### What the task requires
A faithful, picture-free copy of the listing below is required.

-- -- --

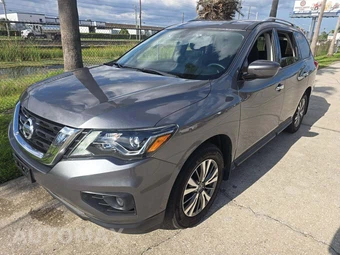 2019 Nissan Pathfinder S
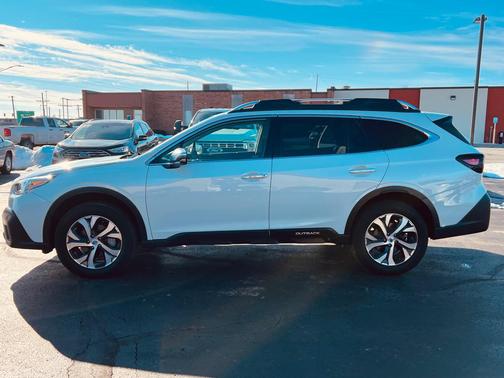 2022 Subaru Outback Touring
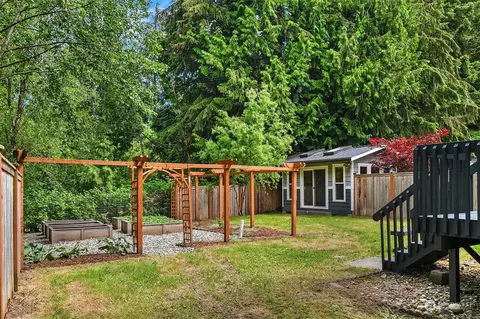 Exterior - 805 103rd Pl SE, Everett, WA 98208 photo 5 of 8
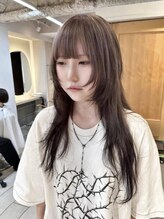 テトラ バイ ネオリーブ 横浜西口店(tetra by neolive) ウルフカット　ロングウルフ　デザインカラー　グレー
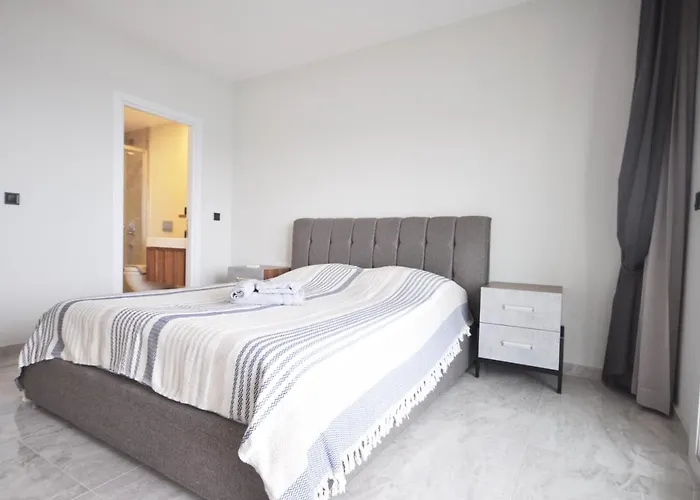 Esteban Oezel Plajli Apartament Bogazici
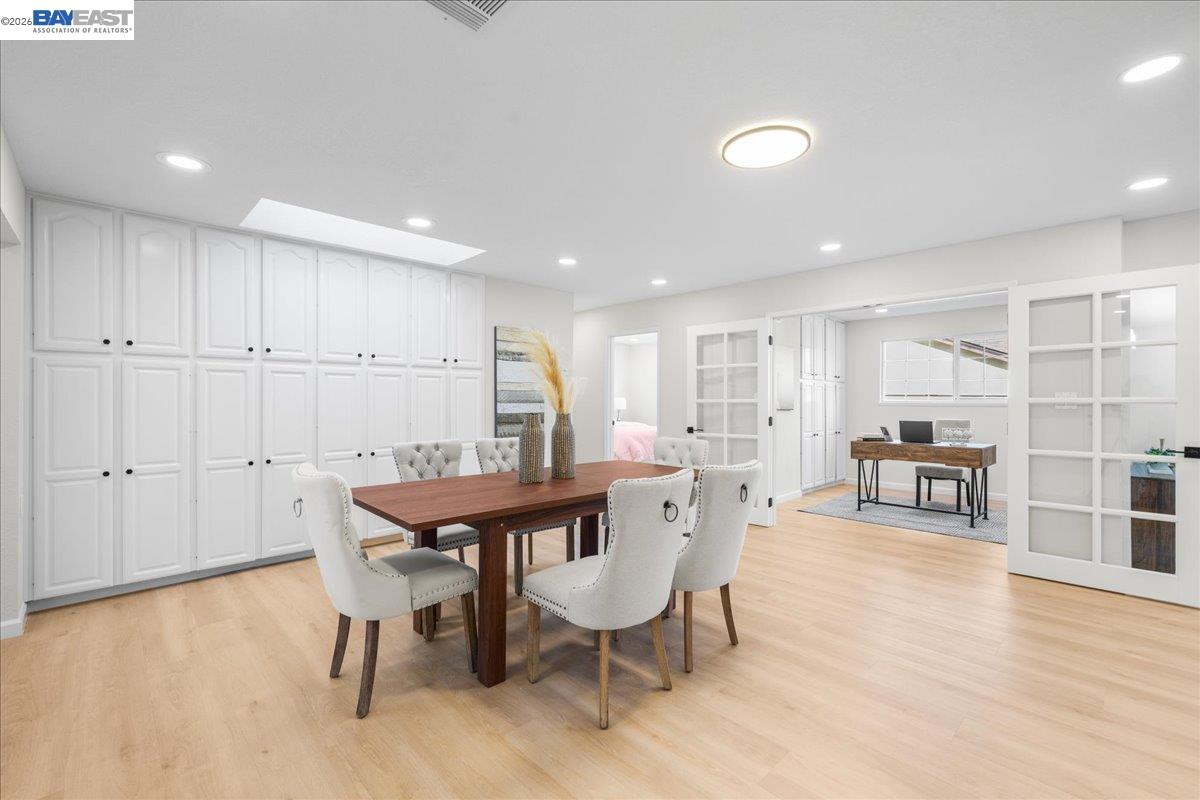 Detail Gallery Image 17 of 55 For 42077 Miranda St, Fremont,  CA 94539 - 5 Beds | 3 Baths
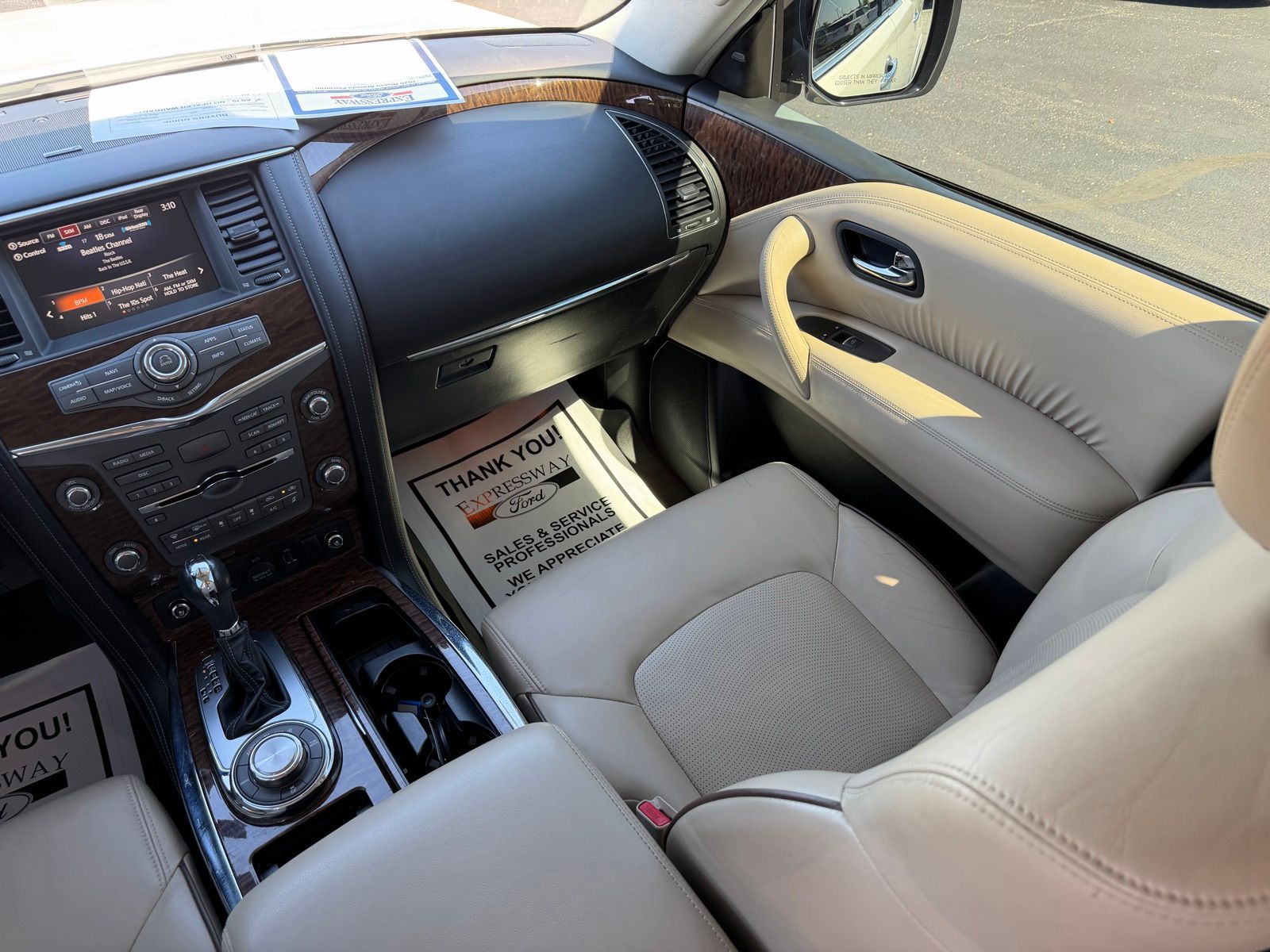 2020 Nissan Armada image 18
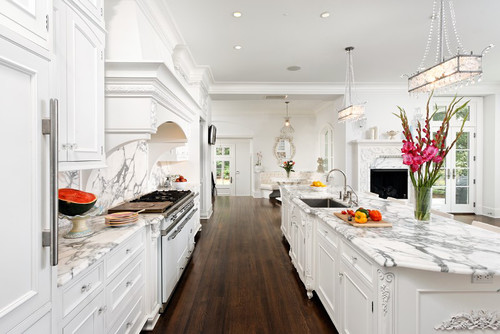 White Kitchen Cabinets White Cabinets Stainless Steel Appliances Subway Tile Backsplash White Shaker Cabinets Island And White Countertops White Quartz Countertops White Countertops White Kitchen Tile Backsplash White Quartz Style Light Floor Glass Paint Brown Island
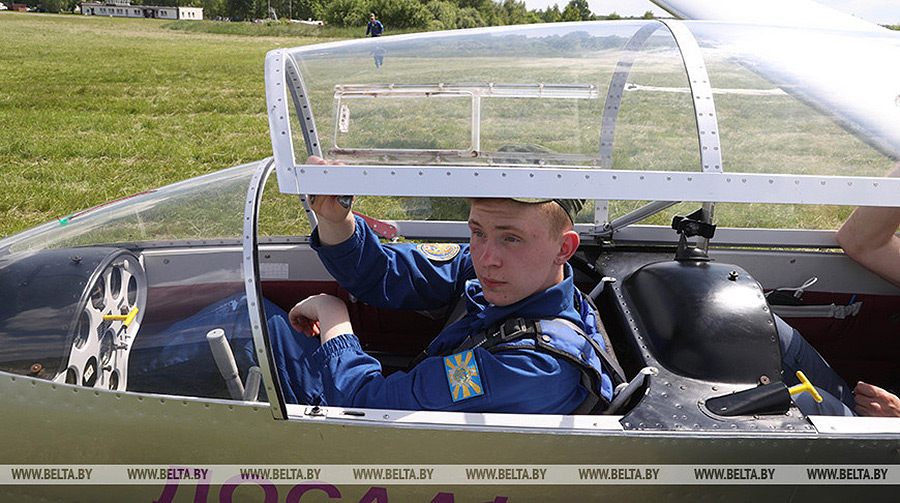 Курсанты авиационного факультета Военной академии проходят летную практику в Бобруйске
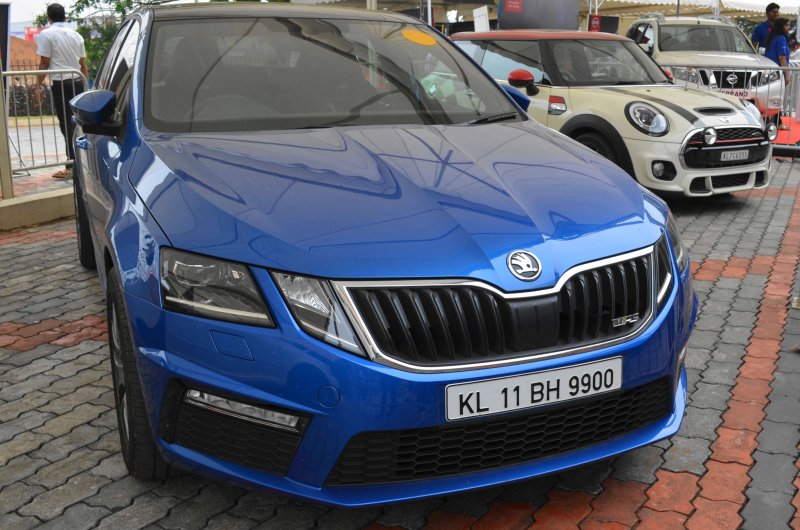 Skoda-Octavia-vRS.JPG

-- -- --

### Output below
 2019 Nissan Pathfinder S
 2022 Subaru Outback Touring
 Exterior - 805 103rd Pl SE, Everett, WA 98208 photo 5 of 8
 テトラ バイ ネオリーブ 横浜西口店(tetra by neolive) ウルフカット　ロングウルフ　デザインカラー　グレー
 Esteban Oezel Plajli Apartament Bogazici
 Detail Gallery Image 17 of 55 For 42077 Miranda St, Fremont,  CA 94539 - 5 Beds | 3 Baths
 2020 Nissan Armada image 18
 White Kitchen Cabinets White Cabinets Stainless Steel Appliances Subway Tile Backsplash White Shaker Cabinets Island And White Countertops White Quartz Countertops White Countertops White Kitchen Tile Backsplash White Quartz Style Light Floor Glass Paint Brown Island
 Курсанты авиационного факультета Военной академии проходят летную практику в Бобруйске
 Skoda-Octavia-vRS.JPG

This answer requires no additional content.